I finally decided that I will try to write and finish a novel. Of course, I’ve been entertaining such ideas for years, as I suppose a lot of people have. So why do I feel like I can do it now, when I’ve only failed before? You gotta keep trying, but there’s that old Einstein definition for insanity: doing the same thing over and over again and expecting different results. So I am trying again, but I’m doing things differently, and hopefully this will lead to more success.

1. I first wrote the plot arc as a short story. It was originally meant to be a short story but there were so many things I wanted to touch on that I didn’t have time for, even at 7000 words in length. I know how I want the characters to develop, how they feel about each other, and what their motivations are. I know all kinds of societal details that play into the characters actions and motivations.

2. I’m in a writing group now. I know a bunch of people who might have suggestions on how to do better, or what to do if I hit a wall.

3. I’m approaching the writing differently. In the past I said, whelp, 100,000 words, here I go. Around 25k, I got bored, felt like my work was unfocused, and quit. This time I’m thinking of it as a series of short story ish chapters. I have a bunch of little stories to tell in 2-5k words or so. Per point 1, I already have a rough outline of the overall story. As I go, I’m outlining a few chapters forward with further details– what scenes happen in each chapter and where do they happen. So I have a macroscopic outline of everything and a microscopic outline subject to the flow of events. We’ll see how it goes. I’m planning on writing one chapter a week, with weeks off allowed for alternate projects.

I’ll continue to post my progress. It will be interesting to see what works for me and what doesn’t work for me. Any suggestions are welcome too! But basically, it’s time to just write. Chapter 1, here we go…

Book Review: Downbelow Station (C.J. Cherryh 1981)

Note: I avoid spoilers in this review. Any plot details I mention occur early in the book.

Rating: 4.5/5 stars

I’ve had Downbelow Station on my shelf for a while. It’s 526 pages, so a little on the long side. I’d seen the book on a few “best of” lists, but no one I know has ever mentioned it. It was the 1982 Hugo award winner. So finally I bucked up and read it, and it was excellent.

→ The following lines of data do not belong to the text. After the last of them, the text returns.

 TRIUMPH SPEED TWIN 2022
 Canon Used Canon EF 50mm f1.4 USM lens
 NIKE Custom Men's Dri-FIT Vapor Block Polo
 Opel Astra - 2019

Although I see “Downbelow Station” described as a hard science fiction book, the technological aspects of the book do not occupy the foreground. The interactions and desires of the characters do that; in some ways it’s a  high-class space opera. I found the style of the book most similar to Vernor Vinge in books like “A Fire Upon the Deep” with a little more militarism. I wonder how much the post Vietnam era affected the portrayal of militarism; the warring elements do not come off positively in this book. Cherryh does a good job developing culture; we can see the cultural differences between Union, Company, Pell, and the Downers. If you like sweeping science fiction, this is a highly worthy read.

Most of the action takes place on Pell Station, a space station orbiting a habitable planet with natives called “Downers” in the year 2352. Humans have expanded into space, one station after the next. At some point in history, humans developed faster than light “jump” technology, so they can spread further yet, into the “Beyond”. The humans in the Beyond have become disassociated with Earth; likewise Earth is somewhat detached from the stations. Pell finds itself between the forces of the Beyond and the renegade forces of Earth. The first 20 pages or so lay down this background; it’s a lot of exposition and it’s confusing and not totally engaging. The beginning is the weak point of this book. Once the ground work is laid, the story takes off.

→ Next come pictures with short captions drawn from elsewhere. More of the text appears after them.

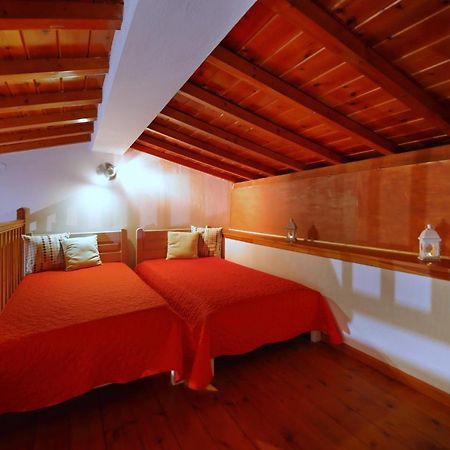Koromilia Villa Neo Klima Ngoại thất bức ảnh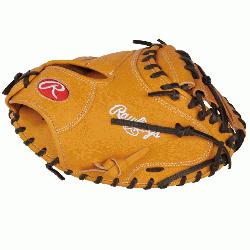The Rawlings Heart of the Hide® baseball gloves have been a trusted choice for 
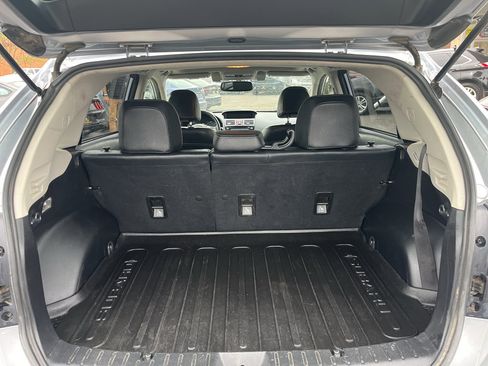 Used 2015 Subaru Crosstrek 2.0i Limited AWD/4WD image 16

We arrive at Pell when the Company ships of Earth force the station to take on a bunch of refugees from another station which has been destroyed in the conflict between the Company and the Union of the Beyond. These unregistered people are housed in quarantine, or Q, which is lawless and places a great deal of strain on the station’s resources. Over the course of the book, we watch people from Q, from Pell station, from Union, and from the Company as they vie for the strategically valuable Pell. The people of Pell station I found especially interesting, and their interactions with the Downers.

There are several other books in Cherryh’s Union-Company universe that I look forward to reading. Check out my Top 20 science fiction novels for more science fiction recommendation.

Fairy Tales FREE on iTunes!

My illustrated collection of science fiction themed fairy tales, Vironevaeh: Science Fiction Fairy Tales, is now free to download for the Apple iPad. Click HERE to go to the iTunes page.

Vironevaeh: Science Fiction Short Stories

 

Happy reading!

Zish and Argo Artwork

My biggest goal over the holidays was to complete painting for the Zish and Argo book. Last night I finished the last painting! Hooray! Champagne! Zish and Argo has 13+ full size color illustrations, painted in water colors. The picture below shows the ones I finished during the holidays. For reference, they are about 8 inches tall. In the next couple of weeks, I will pull together the art and put up book details. The featured image shows the tentative cover that I just finished as well.

Tomorrow I head back north to new projects and adventures.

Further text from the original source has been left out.